**Exercise:**
Please repeat only the lines below starting at the line that holds "For skin primer, I" and ending at the line that holds "Hey, this is", exactly, with both of those lines included and every picture omitted.

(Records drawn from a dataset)
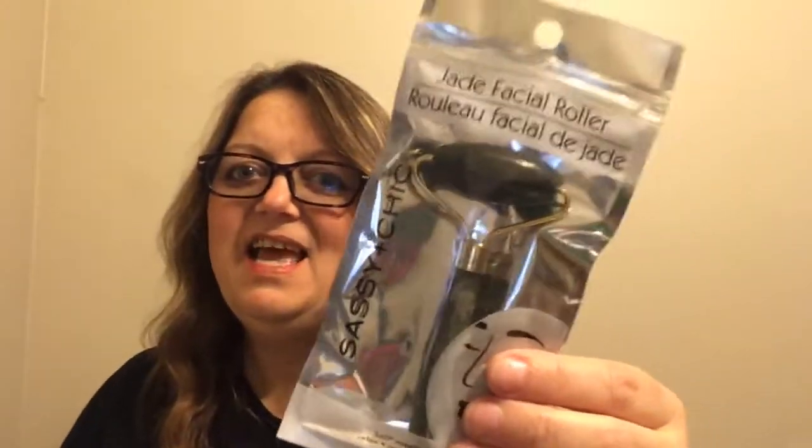I came across the jade facial roller. This one is huge — look how big and wide that one is. I think Canadian Dollar Trees got these in a smaller version maybe a year ago, but this huge one — what people do is they put them in their fridge to cool them off, and then they roll them all over their face to help with taking away puffiness under the eyes and stuff. I'd never picked one up before, so I wanted to give it a try.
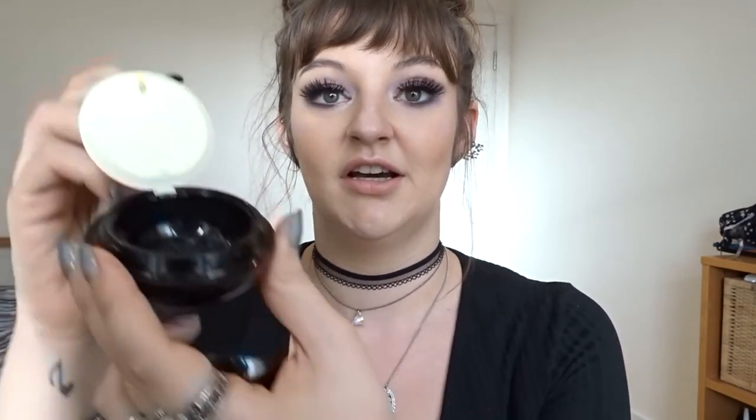For skin primer, I don't always use one, but when I do I use the Illamasqua Hydra Veil. It has a moisturising content and is a jelly-type substance — when you disrupt it, it turns gooey but goes right back to its sleek form. I use it for clients who have much drier skin. It's just the perfect combination of moisturiser and primer.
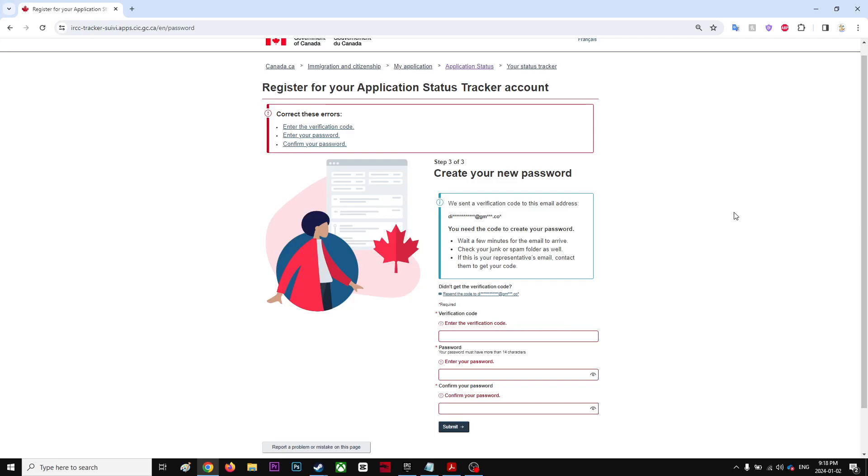I'm having a problem with the IRCC tracker, and I just realized that recently they made a couple of changes, especially with the password. You now need at least 14 characters for your password. If your password was below 14 characters before, you could not log in — you just have to reset your password for some reason.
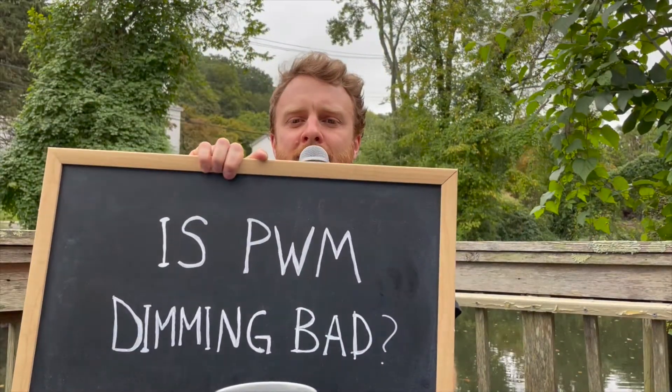Hey, this is Ask Nanometer — your technical questions answered in plain English. Today's question is: is PWM dimming bad? Spoiler alert, the short answer is no, but stick around and I'll talk you through how it can be. First things first: what is PWM dimming?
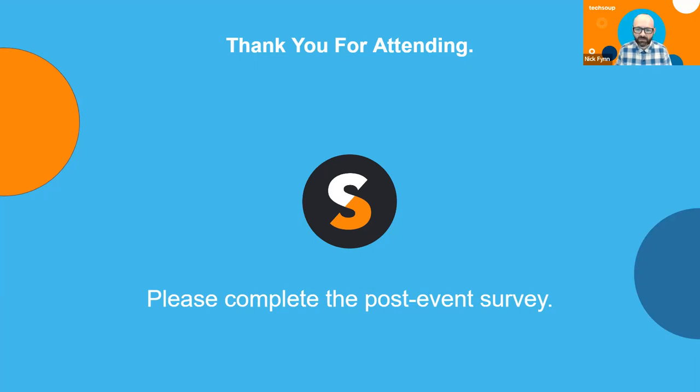Thank you to Aretha, Kelly, and Kevin for today. Please do complete the post-event survey when you receive it. You'll also be getting an email with a link to the deck we've been looking at today — there are live links in that deck that you can click on to go to particular spots on the website. With that, we'll wrap it up. It's 10:54 here on the West Coast. Thanks so much for your time. Have a great day.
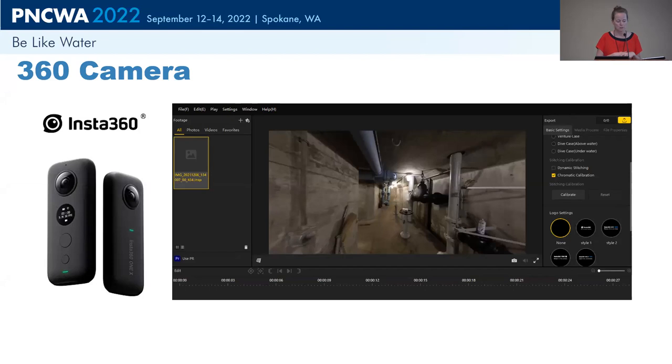The Insta360 was selected in part because it interfaces with a software called Matterport, which Mackenzie will discuss. We've applied these technologies for clients in California and Washington. The camera comes with studio software used on your computer to visualize and manipulate images and video. We also purchased extension rods separately, which allow you to raise the camera about 15 feet in the air.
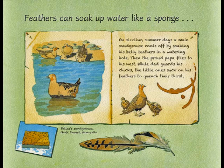Here's another example: feathers can soak up water like a sponge. Sand grouses live in hot deserts. The adults can fly to water holes to get a drink and cool off, but chicks can't fly. Luckily, their dad soaks up water with his belly feathers, then flies back to the nest and lets his chicks suck his feathers dry. We've all seen a kitchen sponge soak up water, and we know that water can be squeezed out. So this simile helps us understand how a sand grouse's feathers work.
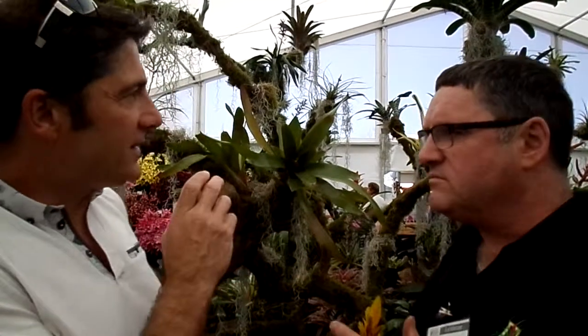I remember once going to Florida, and there was a very famous American lady who collected epiphytes — her name was Marie Selby. The great king of the Bromeliads is a guy called Mulford B. Foster, and he was the first to modernise it. One of the original books ever written was by a German guy called Werner Rauh.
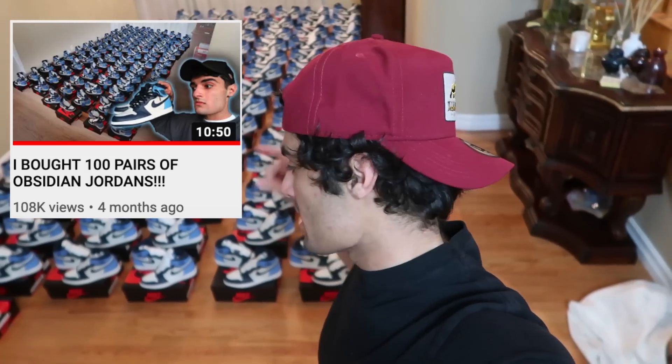For the Obsidian Ones right here, this is essentially roughly $25,000 in profit. If you guys remember from the first video, I said I picked up all my grade school sizes for $180 and I had 30 of them, and then the rest were men's sizes.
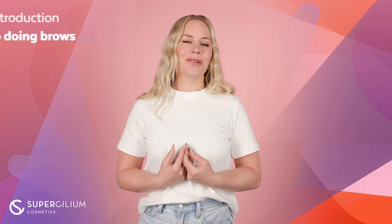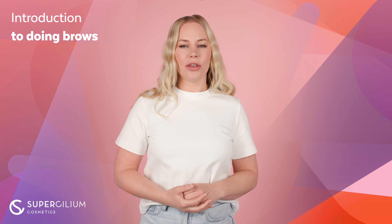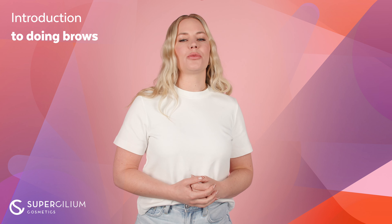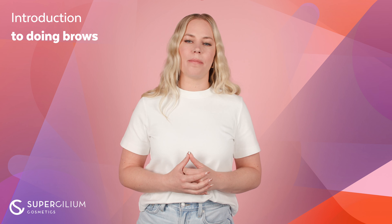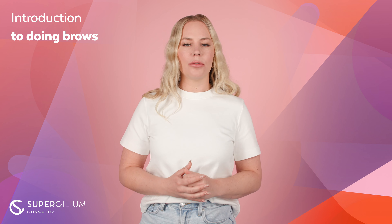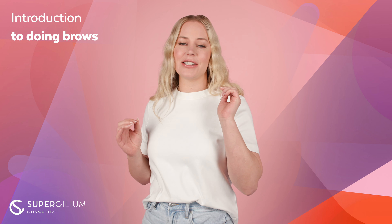Hi beautiful, I am Anouk, the founder of Supercedium. Did you know that you express a lot of emotions with your brows? A good pair will make your face look more appealing. In this tutorial, I will show you how to create the perfect brows to match your face and style.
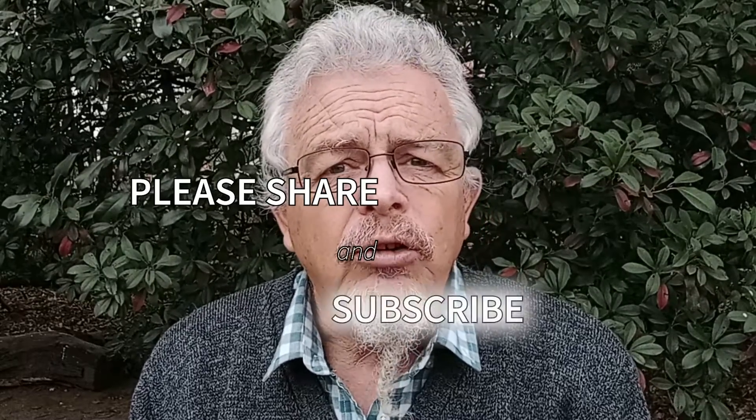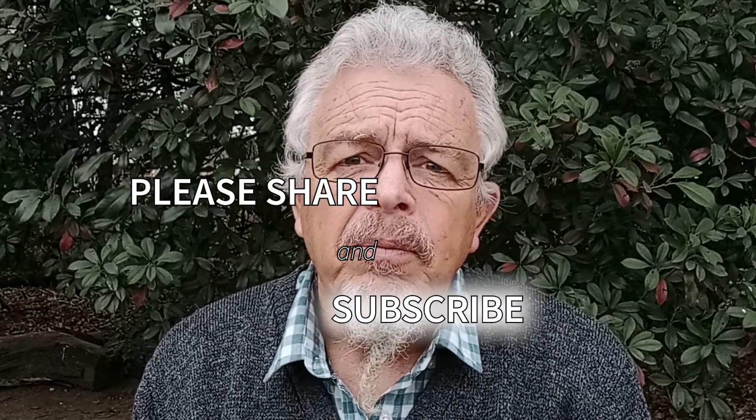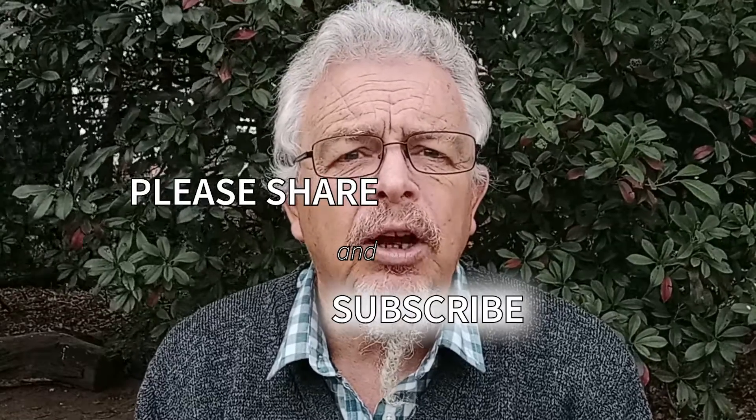Thank you for watching. I hope you enjoyed it. Please subscribe and pass this on to your buddies — would appreciate it.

**Response below:**
For skin primer, I don't always use one, but when I do I use the Illamasqua Hydra Veil. It has a moisturising content and is a jelly-type substance — when you disrupt it, it turns gooey but goes right back to its sleek form. I use it for clients who have much drier skin. It's just the perfect combination of moisturiser and primer.
I'm having a problem with the IRCC tracker, and I just realized that recently they made a couple of changes, especially with the password. You now need at least 14 characters for your password. If your password was below 14 characters before, you could not log in — you just have to reset your password for some reason.
Hey, this is Ask Nanometer — your technical questions answered in plain English. Today's question is: is PWM dimming bad? Spoiler alert, the short answer is no, but stick around and I'll talk you through how it can be. First things first: what is PWM dimming?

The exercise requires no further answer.